4) triton stable reboot

after spending another week, i moved to a tutorial-structured triton stable implementation:

  • stage-based causal handling
  • split backward kernels (dQ and dKV)
  • cleaner normalization state handling
  • explicit GQA-safe indexing (z, h_q, h_kv)

this was the actual turning point. instead of patching older assumptions, i reset the architecture around a known-good fused-attention structure and integrated SSA into that.

one important stabilization was moving to tutorial-style stored normalization state (M) and matching backward recomputation to it:

# forward stores m = m_i + log2(l_i_safe)
m = m_i + tl.math.log2(l_i_safe)
tl.store(l_ptrs, m, mask=l_mask)
# backward reconstructs p from base-2 path and stored m_i
t2 = tl.where(valid, ssa_n * sign_s * log_opbs * RCP_LN2, NEG_LARGE)
p = tl.where(valid, tl.math.exp2(t2 - m_i[:, None]), 0.0)

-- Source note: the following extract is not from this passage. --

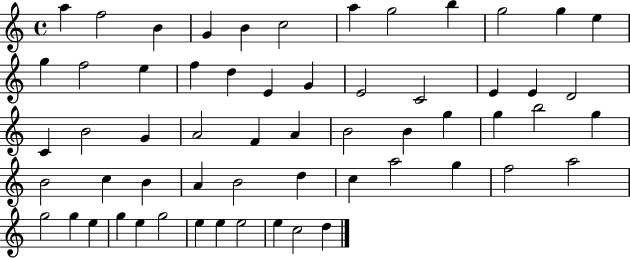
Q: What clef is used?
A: treble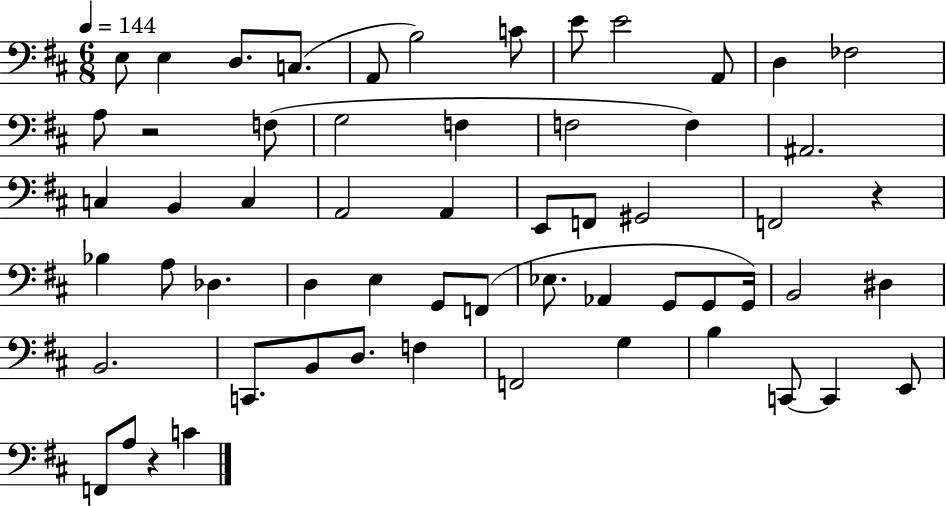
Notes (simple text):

E3/e E3/q D3/e. C3/e. A2/e B3/h C4/e E4/e E4/h A2/e D3/q FES3/h A3/e R/h F3/e G3/h F3/q F3/h F3/q A#2/h. C3/q B2/q C3/q A2/h A2/q E2/e F2/e G#2/h F2/h R/q Bb3/q A3/e Db3/q. D3/q E3/q G2/e F2/e Eb3/e. Ab2/q G2/e G2/e G2/s B2/h D#3/q B2/h. C2/e. B2/e D3/e. F3/q F2/h G3/q B3/q C2/e C2/q E2/e F2/e A3/e R/q C4/q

and i made head/batch indexing explicit instead of flattened assumptions:

off_z = off_hz // H_Q
off_h_q = off_hz % H_Q
off_h_kv = off_h_q // GQA_RATIO

5) final stability lever: force contiguous q/k/v

the last quality fix was simple and practical: materialize q/k/v as contiguous tensors before the triton call. once i made force_contiguous_qkv default in the training path, behavior became much more stable in the strided layouts i actually care about.

module hook:

if self.force_contiguous_qkv:
    query_t = query_t.contiguous()
    key_t = key_t.contiguous()
    value_t = value_t.contiguous()

launcher flag:

parser.add_argument(
    "--force_contiguous_qkv",
    action="store_true",
    default=False,
    help="Materialize Q/K/V as contiguous tensors before Triton attention call.",
)

script default:

FORCE_CONTIGUOUS_QKV=${FORCE_CONTIGUOUS_QKV:-1}

final training policy i pinned

to avoid silent config drift while comparing runs, i pinned:

  • kernel variant: stable only
  • n learnable, initialized at 1.5
  • b fixed at 0.8
  • warmup with RNG snapshot/restore for reproducibility
  • contiguous q/k/v enabled by default

policy enforcement in launcher:

if args.learnable_b:
    logger.warning("Ignoring --learnable_b; b is fixed by policy.")
if args.ssa_n != 1.5 or args.ssa_b != 0.8:
    logger.warning(
        "Overriding SSA init from (n=%s, b=%s) to fixed policy (n=1.5, b=0.8).",
        args.ssa_n,
        args.ssa_b,
    )
args.learnable_b = False
args.ssa_n = 1.5
args.ssa_b = 0.8

final stable training loss

final loss curve merged into one continuous line over global steps 0 -> 29999.

what i learned

  • kernel speedups are easy to get; long-horizon training parity is the real test
  • tiny semantic mismatches (normalization state, dropout placement, gradient terms) are enough to derail learning
  • backend/compiler ergonomics can dominate iteration speed
  • layout assumptions are not cosmetic; contiguity can be the difference between “works” and “trains”
  • keeping one clean unfused reference implementation is mandatory when doing fused kernel work

more detailed commit-by-commit notes live in my internal timeline doc, but this is the practical story of how the implementation actually converged.

refs

  1. Naim, O., Bhar, S., Bolte, J., & Asher, N. (2025). Scaled Signed Averaging Improves In-Context and Early Learning Benchmark Performance in Small Transformers.
  2. OpenAI kernel team. (n.d.). Fused Attention (Triton Tutorial 06). Triton documentation.